Treatment with the PI3K inhibitor umbralisib was safe and effective in patients with relapsed/refractory marginal zone lymphoma, according to results of a new phase II study.
Results of this study were presented at the American Association for Cancer Research (AACR) Annual Meeting, held March 29–April 3 in Atlanta (abstract CT132).
Marginal zone lymphoma is an indolent B-cell lymphoma, and it accounts for approximately 10% of all non-Hodgkin lymphomas. In general, responses to front-line therapy are quite high. “In patients who progress after front-line therapy … there are limited treatment options,” said Nathan H. Fowler, MD, of the University of Texas MD Anderson Cancer Center in Houston. “In patients who become refractory to chemotherapy, response rates in general are low, and most remissions remain under about a year or two.”
Umbralisib is a next-generation PI3 kinase inhibitor that is selective for the delta isoform of PI3K, which Fowler said might explain the improved toxicity profile in early studies over other PI3K inhibitors.

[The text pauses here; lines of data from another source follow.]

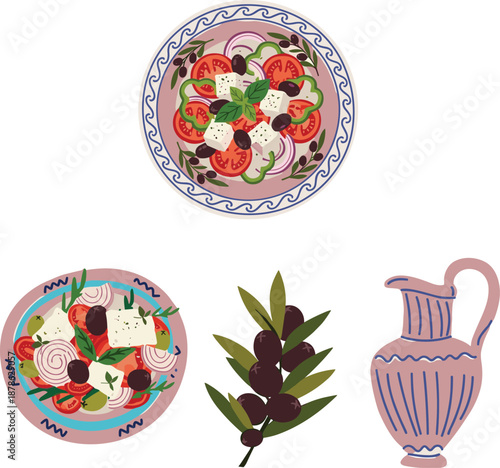 Mediterranean Greek food illustration, salad plate olives olive branch ceramic jug, traditional cuisine elements vector icons isolated design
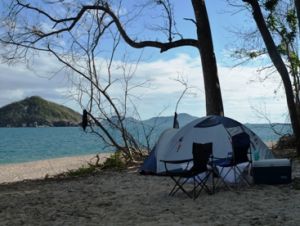 Camping on Coombe Island. 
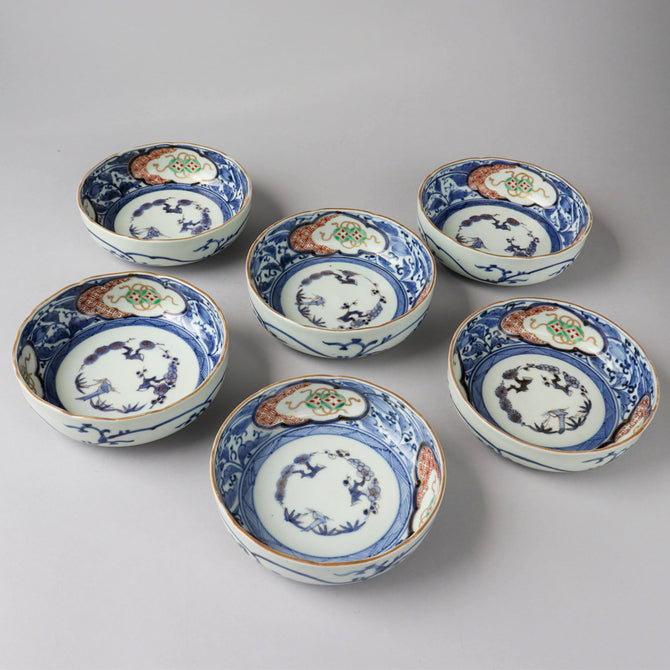 古伊万里赤絵春寒鉢 六客揃い [p0334]【Old IMARI bowl 6pcs.】 – 青梵ギャラリー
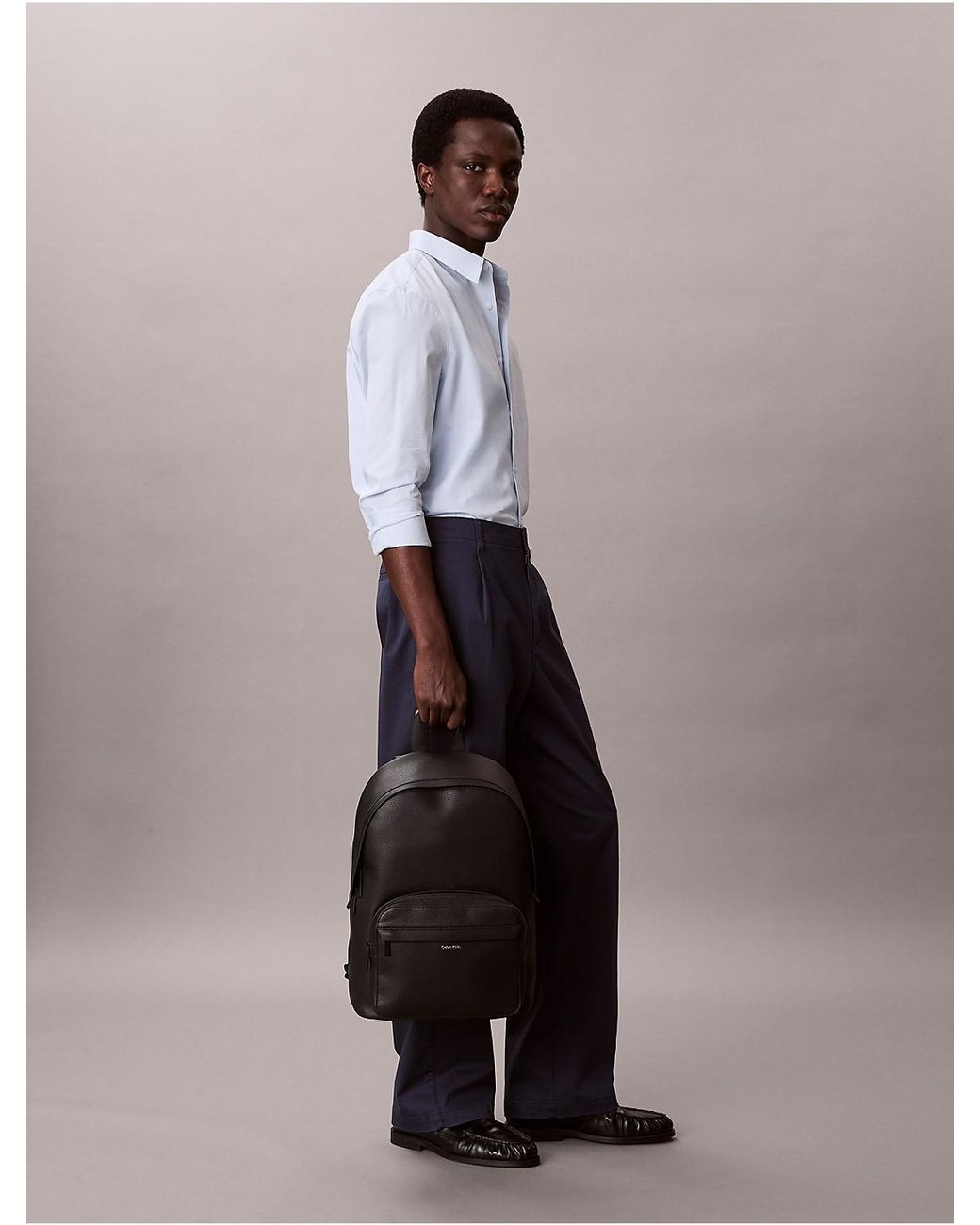 Calvin Klein Gray Pebbled Round Backpack for men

This study is ongoing, involving multiple cohorts and malignancies. The marginal zone lymphoma cohort all received single-agent umbralisib until disease progression or unacceptable toxicity. A total of 72 patients have been enrolled; the current analysis included 69 of those patients in the safety population and 42 patients in an interim efficacy analysis. Patients had a median age of 67 years, and 55% of patients had the extranodal subtype of marginal zone lymphoma.

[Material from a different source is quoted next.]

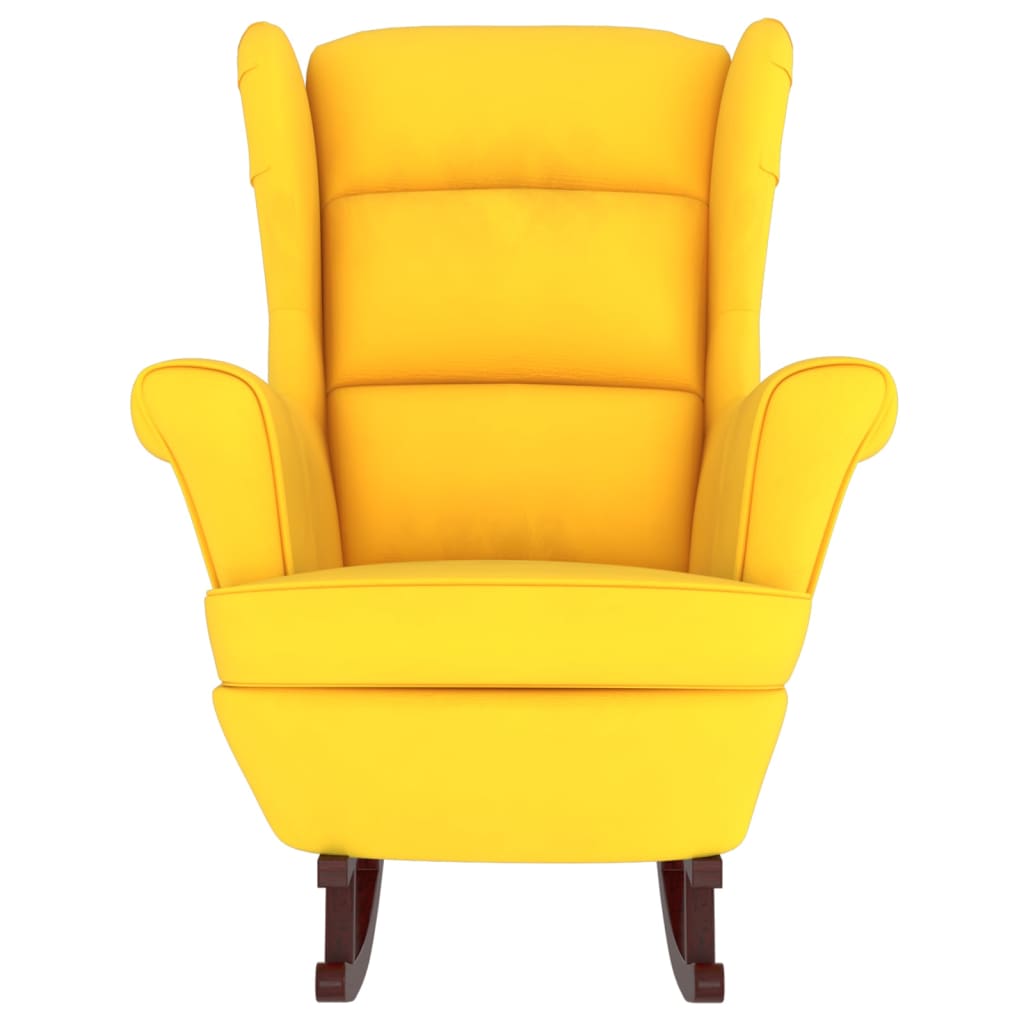 vidaXL šūpuļkrēsls, masīva gumijkoka kājas, dzeltens samts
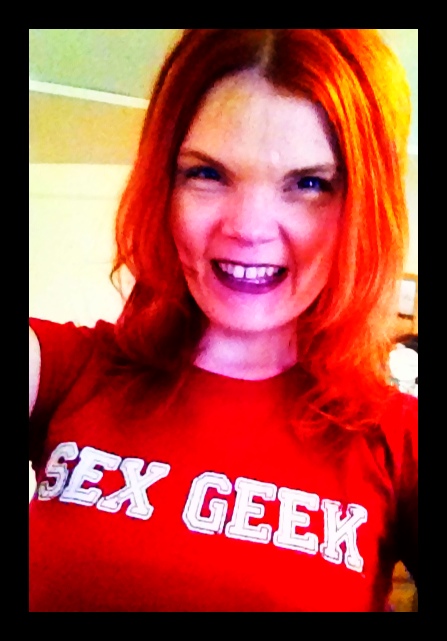 JoEllen in her red "Sex Geek" t-shirt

The median duration of exposure to the agent in the efficacy population was 10.1 months, and after a median follow-up of 12.5 months, 55% of patients continued on the study therapy. The overall response rate was 52% both by independent review and by investigator assessment. By independent review, the clinical benefit rate (responses plus stable disease) was 88%. The median time to initial response was 2.7 months, and both the median duration of response and the median progression-free survival (PFS) were not yet reached. The estimated PFS rate at 12 months was 66%.
In general the drug was well tolerated, with no reports of colitis reported. Adverse events (AEs) leading to a dose reduction occurred in 9% of the cohort, and 14% discontinued umbralisib due to an AE considered at least probably related to the treatment. Among the more common AEs were diarrhea, nausea, and fatigue; 13% of the cohort had grade 3 or 4 neutropenia.
“[Umbralisib] is highly active against marginal zone lymphoma, including multiple different subtypes,” Fowler said. “Toxicity did not appear to be worsening with prolonged exposure, and this is a bit different from what we’ve seen with other drugs in this class.” He noted that on the basis of these results the drug has been granted Breakthrough Therapy Designation by the US Food and Drug Administration, and several phase III trials are planned.
Louis M. Weiner, MD, of the Georgetown Comprehensive Cancer Center at Georgetown University, who was not involved with the study, said the results are impressive in terms of the improved response rates in what can be a difficult-to-treat malignancy. He noted that results such as these seem to be getting more commonplace across malignancies as a number of fields of cancer research continue to mature. “Only a few years ago, these [results] would have been headline news-brand-new treatments that are working so well,” he said. “We’re really in an exciting era now.”